* WORK TO COMPLETE
Output the whole listing with nothing altered.
Content starts
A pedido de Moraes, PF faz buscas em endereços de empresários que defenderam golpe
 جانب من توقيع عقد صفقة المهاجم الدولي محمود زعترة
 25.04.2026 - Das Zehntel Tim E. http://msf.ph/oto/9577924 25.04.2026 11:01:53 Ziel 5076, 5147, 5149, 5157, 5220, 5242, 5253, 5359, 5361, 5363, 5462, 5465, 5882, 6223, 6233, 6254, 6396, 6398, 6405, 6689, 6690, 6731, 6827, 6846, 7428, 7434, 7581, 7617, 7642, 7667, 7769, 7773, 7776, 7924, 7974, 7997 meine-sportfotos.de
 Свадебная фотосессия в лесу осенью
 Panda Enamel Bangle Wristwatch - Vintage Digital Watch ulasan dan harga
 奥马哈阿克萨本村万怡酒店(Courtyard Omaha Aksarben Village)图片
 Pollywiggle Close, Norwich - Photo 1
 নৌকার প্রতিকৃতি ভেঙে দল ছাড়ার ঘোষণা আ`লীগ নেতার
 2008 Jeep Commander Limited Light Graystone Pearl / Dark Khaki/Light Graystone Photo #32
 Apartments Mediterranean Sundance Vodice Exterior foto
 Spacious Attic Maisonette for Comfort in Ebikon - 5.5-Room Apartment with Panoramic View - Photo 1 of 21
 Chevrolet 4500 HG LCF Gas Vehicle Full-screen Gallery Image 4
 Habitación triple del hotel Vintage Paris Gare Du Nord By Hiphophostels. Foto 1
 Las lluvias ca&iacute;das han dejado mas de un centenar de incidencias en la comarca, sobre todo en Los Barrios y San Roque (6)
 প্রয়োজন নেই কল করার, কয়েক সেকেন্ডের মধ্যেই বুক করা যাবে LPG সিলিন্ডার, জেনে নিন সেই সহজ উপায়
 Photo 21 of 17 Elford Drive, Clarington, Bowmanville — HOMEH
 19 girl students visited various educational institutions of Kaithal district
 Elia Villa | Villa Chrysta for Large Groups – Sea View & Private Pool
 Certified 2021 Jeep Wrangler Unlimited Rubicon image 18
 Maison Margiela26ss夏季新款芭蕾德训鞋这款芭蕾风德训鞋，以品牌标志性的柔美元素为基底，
Content ends
* FINISHED EXERCISE
A pedido de Moraes, PF faz buscas em endereços de empresários que defenderam golpe
 جانب من توقيع عقد صفقة المهاجم الدولي محمود زعترة
 25.04.2026 - Das Zehntel Tim E. http://msf.ph/oto/9577924 25.04.2026 11:01:53 Ziel 5076, 5147, 5149, 5157, 5220, 5242, 5253, 5359, 5361, 5363, 5462, 5465, 5882, 6223, 6233, 6254, 6396, 6398, 6405, 6689, 6690, 6731, 6827, 6846, 7428, 7434, 7581, 7617, 7642, 7667, 7769, 7773, 7776, 7924, 7974, 7997 meine-sportfotos.de
 Свадебная фотосессия в лесу осенью
 Panda Enamel Bangle Wristwatch - Vintage Digital Watch ulasan dan harga
 奥马哈阿克萨本村万怡酒店(Courtyard Omaha Aksarben Village)图片
 Pollywiggle Close, Norwich - Photo 1
 নৌকার প্রতিকৃতি ভেঙে দল ছাড়ার ঘোষণা আ`লীগ নেতার
 2008 Jeep Commander Limited Light Graystone Pearl / Dark Khaki/Light Graystone Photo #32
 Apartments Mediterranean Sundance Vodice Exterior foto
 Spacious Attic Maisonette for Comfort in Ebikon - 5.5-Room Apartment with Panoramic View - Photo 1 of 21
 Chevrolet 4500 HG LCF Gas Vehicle Full-screen Gallery Image 4
 Habitación triple del hotel Vintage Paris Gare Du Nord By Hiphophostels. Foto 1
 Las lluvias ca&iacute;das han dejado mas de un centenar de incidencias en la comarca, sobre todo en Los Barrios y San Roque (6)
 প্রয়োজন নেই কল করার, কয়েক সেকেন্ডের মধ্যেই বুক করা যাবে LPG সিলিন্ডার, জেনে নিন সেই সহজ উপায়
 Photo 21 of 17 Elford Drive, Clarington, Bowmanville — HOMEH
 19 girl students visited various educational institutions of Kaithal district
 Elia Villa | Villa Chrysta for Large Groups – Sea View & Private Pool
 Certified 2021 Jeep Wrangler Unlimited Rubicon image 18
 Maison Margiela26ss夏季新款芭蕾德训鞋这款芭蕾风德训鞋，以品牌标志性的柔美元素为基底，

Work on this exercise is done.